[EXERCISE DESCRIPTION] Copy out the entries that follow exactly, leaving out the pictures.

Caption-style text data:
________

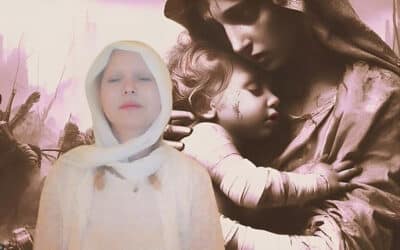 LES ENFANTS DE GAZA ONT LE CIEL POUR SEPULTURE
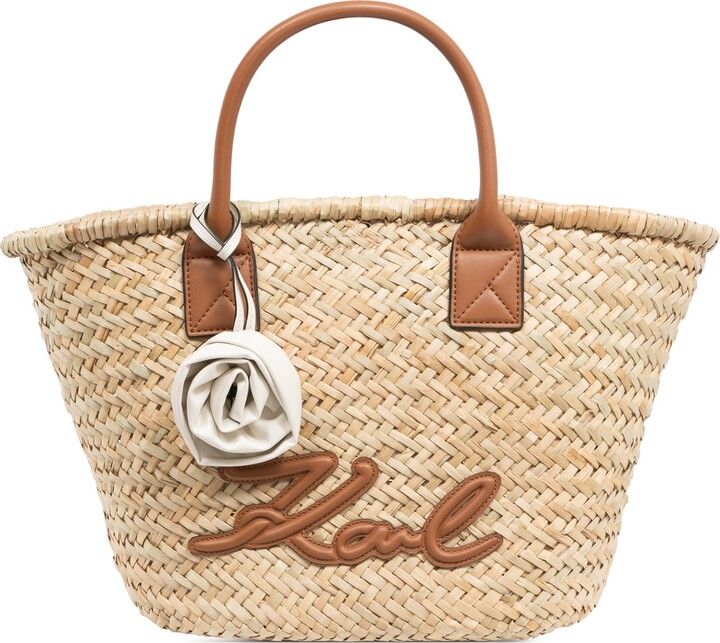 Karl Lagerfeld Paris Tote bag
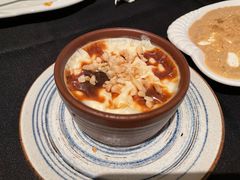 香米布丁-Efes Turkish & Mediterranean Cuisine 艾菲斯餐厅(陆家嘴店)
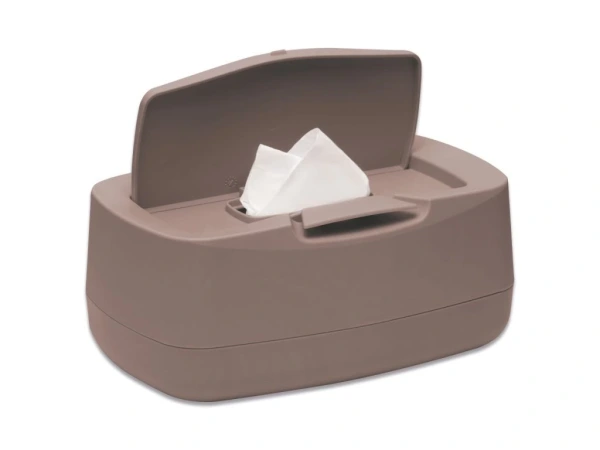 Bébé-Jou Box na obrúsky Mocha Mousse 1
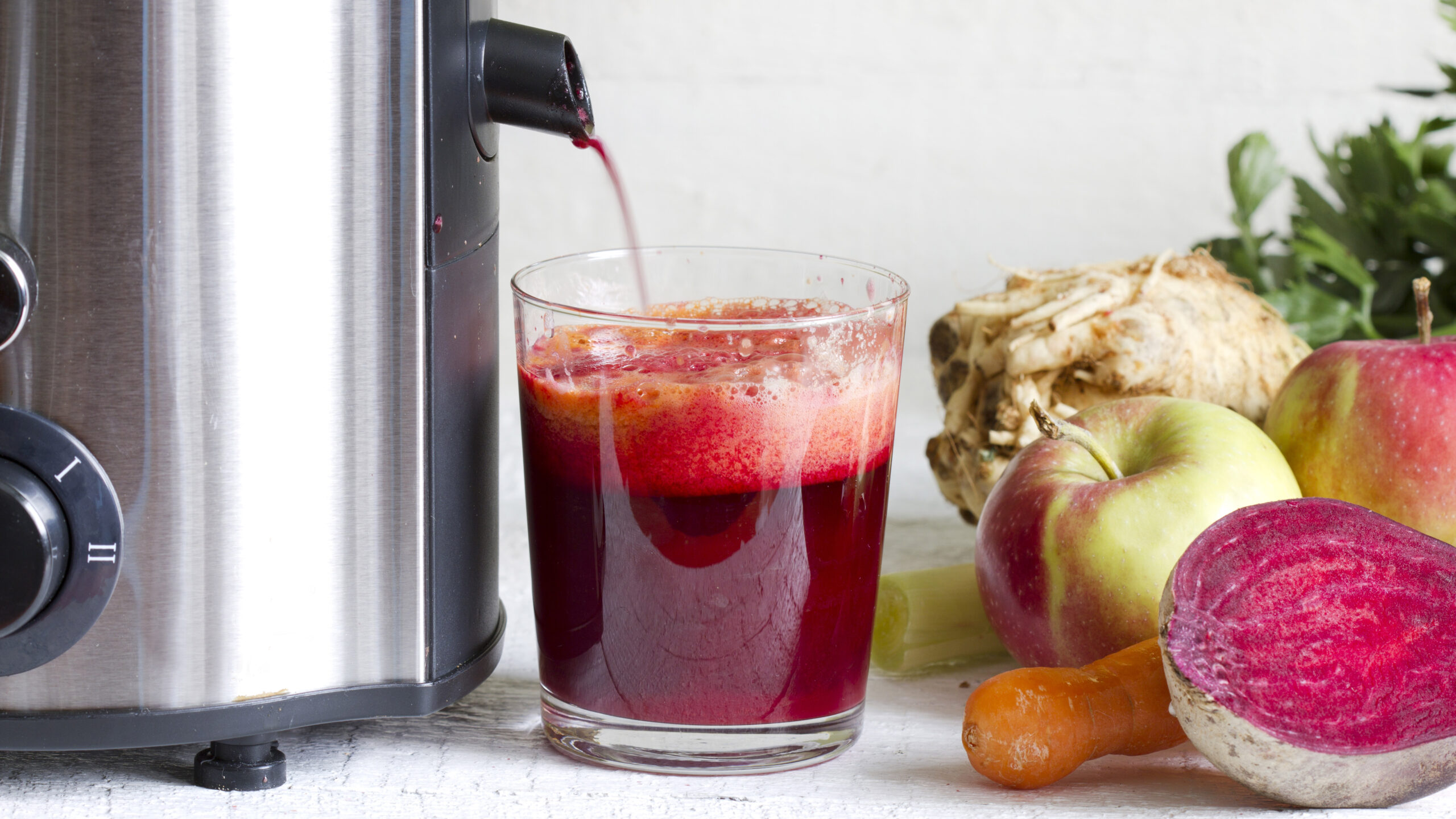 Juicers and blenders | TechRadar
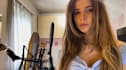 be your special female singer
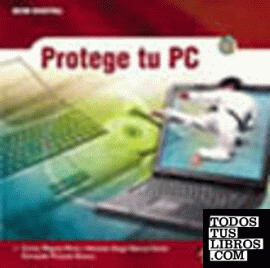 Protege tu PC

________

[EXPECTED ANSWER]
 LES ENFANTS DE GAZA ONT LE CIEL POUR SEPULTURE
 Karl Lagerfeld Paris Tote bag
 香米布丁-Efes Turkish & Mediterranean Cuisine 艾菲斯餐厅(陆家嘴店)
 Bébé-Jou Box na obrúsky Mocha Mousse 1
 Juicers and blenders | TechRadar
 be your special female singer
 Protege tu PC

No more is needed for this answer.